> **Study material**:
──────────
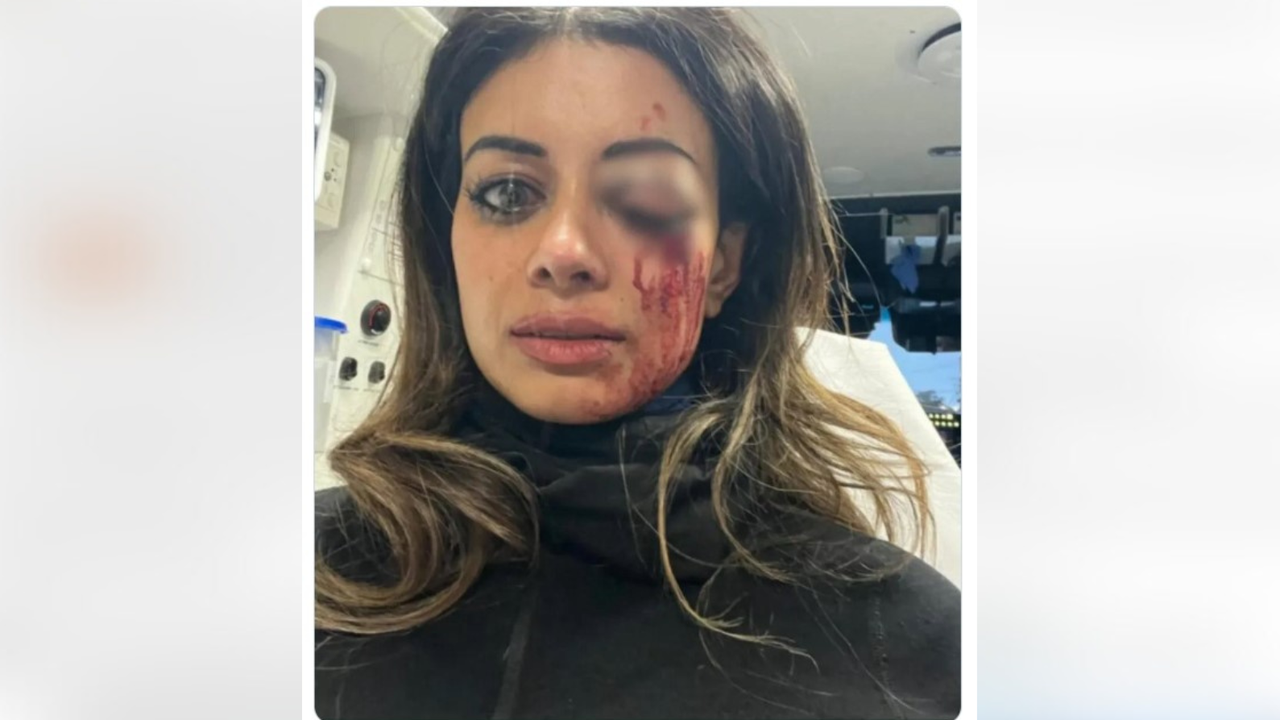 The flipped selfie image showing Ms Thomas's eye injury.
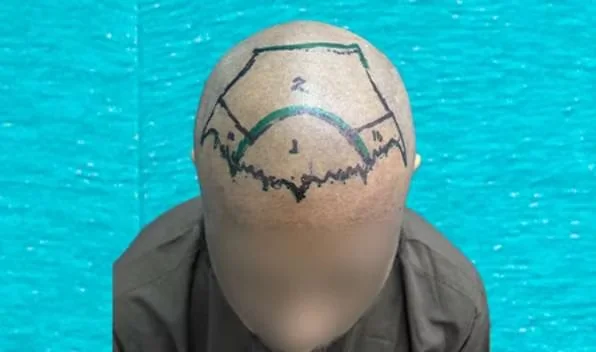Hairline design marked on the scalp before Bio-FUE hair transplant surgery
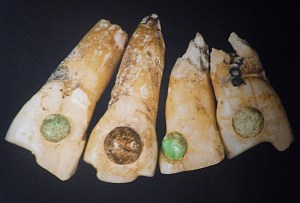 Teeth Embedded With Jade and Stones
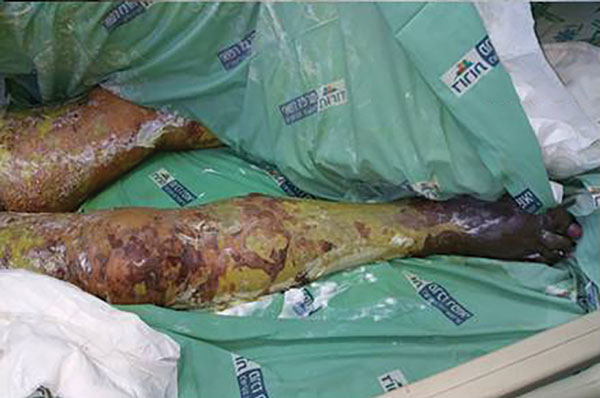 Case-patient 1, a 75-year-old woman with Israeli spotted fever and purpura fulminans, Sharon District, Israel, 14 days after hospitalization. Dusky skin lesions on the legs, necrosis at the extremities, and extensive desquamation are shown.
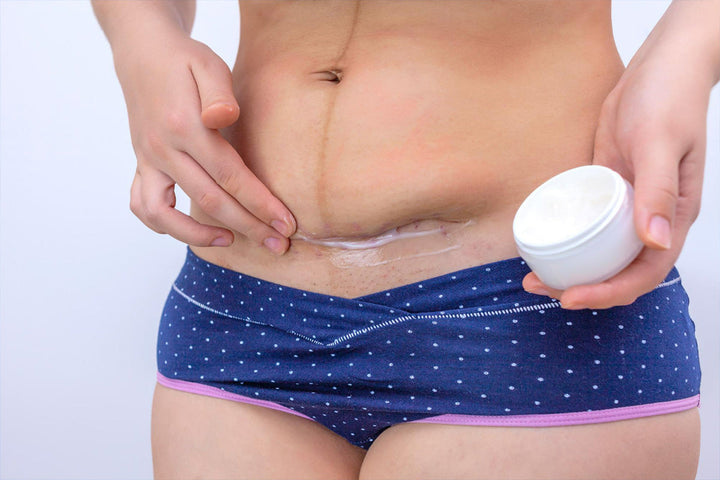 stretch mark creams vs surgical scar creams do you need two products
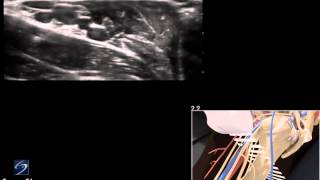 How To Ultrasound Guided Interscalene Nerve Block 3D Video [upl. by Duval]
──────────
Each record above needs to be copied exactly, with images left out.

 The flipped selfie image showing Ms Thomas's eye injury.
Hairline design marked on the scalp before Bio-FUE hair transplant surgery
 Teeth Embedded With Jade and Stones
 Case-patient 1, a 75-year-old woman with Israeli spotted fever and purpura fulminans, Sharon District, Israel, 14 days after hospitalization. Dusky skin lesions on the legs, necrosis at the extremities, and extensive desquamation are shown.
 stretch mark creams vs surgical scar creams do you need two products
 How To Ultrasound Guided Interscalene Nerve Block 3D Video [upl. by Duval]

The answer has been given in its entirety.